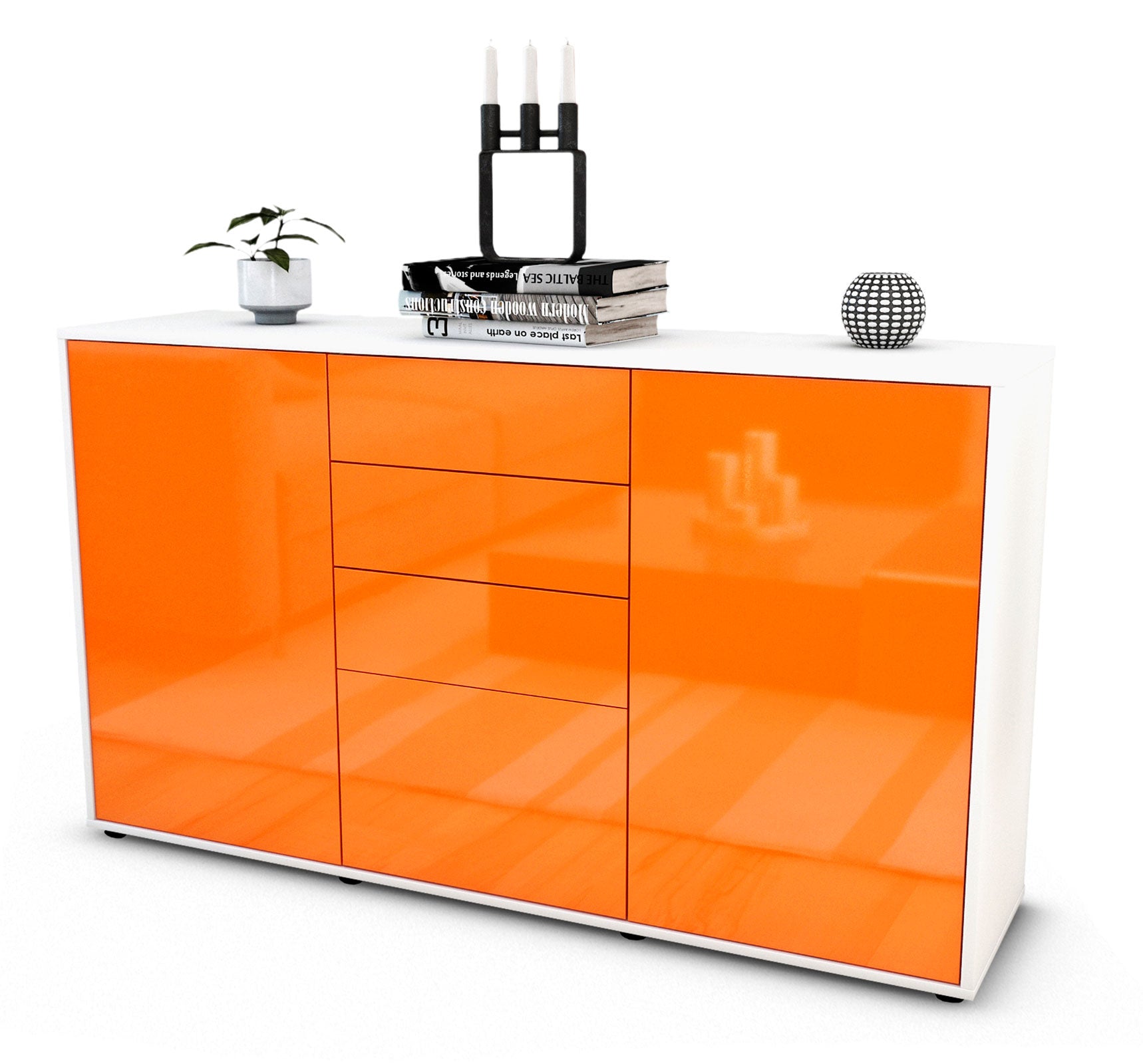 Sideboard - Donatella - Design Hochglanz - Freistehend mit Push to Open 136 cm Weiss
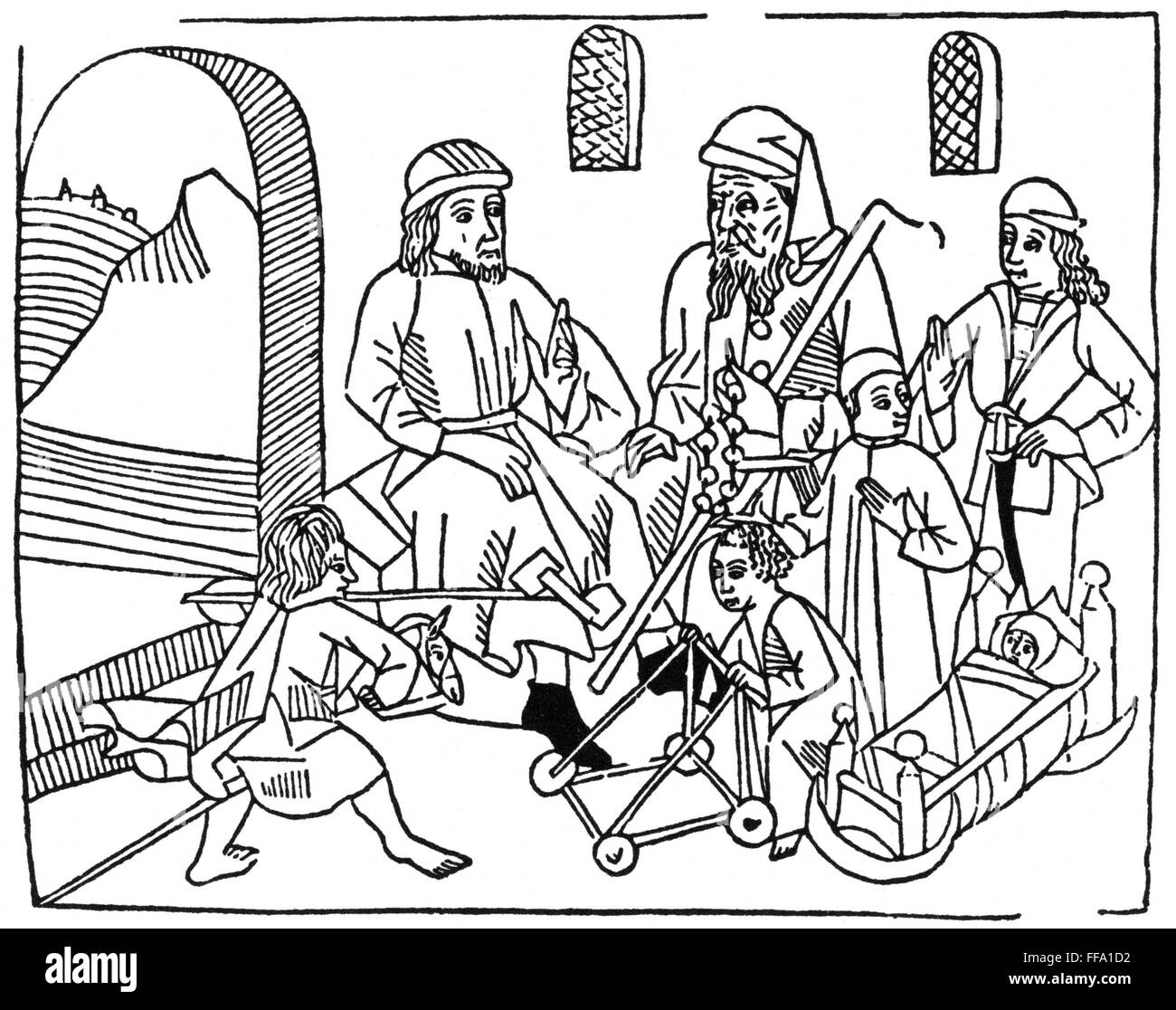 SEVEN AGES OF MAN, 1485. /nWoodcut. Stock Photo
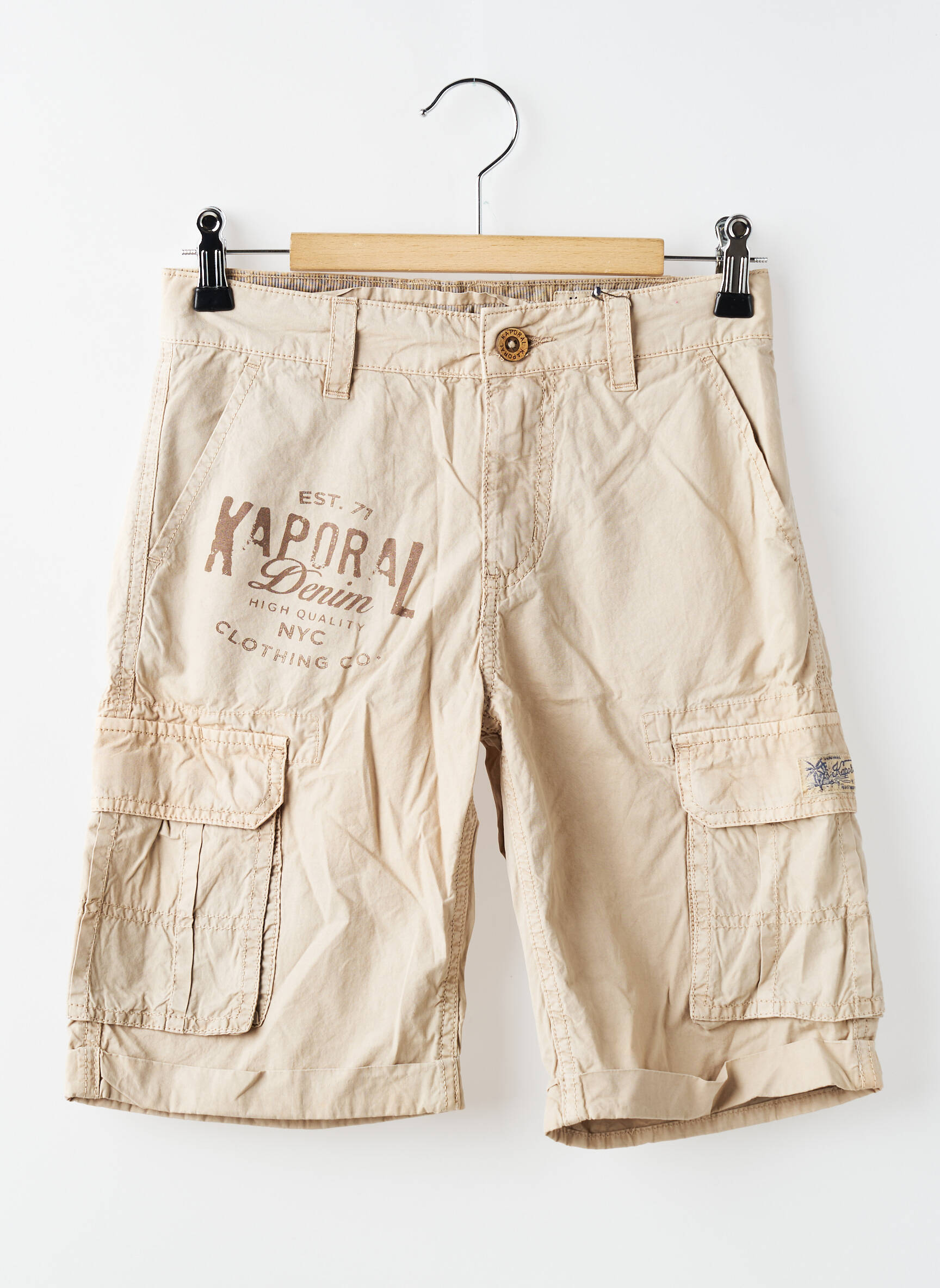 Bermuda fermeture zippée sous rabat boutonné taille ajustable beige KAPORAL garçon
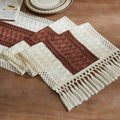 ZeeMart Macrame Style Bicolor Stitching Table Runner, 14 x 60 Inch by ZEEMARTONLINE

####

What to produce:
Without any pictures, please write out the lines from the one containing "SEVEN AGES OF" through the final line of the data, exactly and inclusive of both ends.

Written solution:
 SEVEN AGES OF MAN, 1485. /nWoodcut. Stock Photo
 Bermuda fermeture zippée sous rabat boutonné taille ajustable beige KAPORAL garçon
 ZeeMart Macrame Style Bicolor Stitching Table Runner, 14 x 60 Inch by ZEEMARTONLINE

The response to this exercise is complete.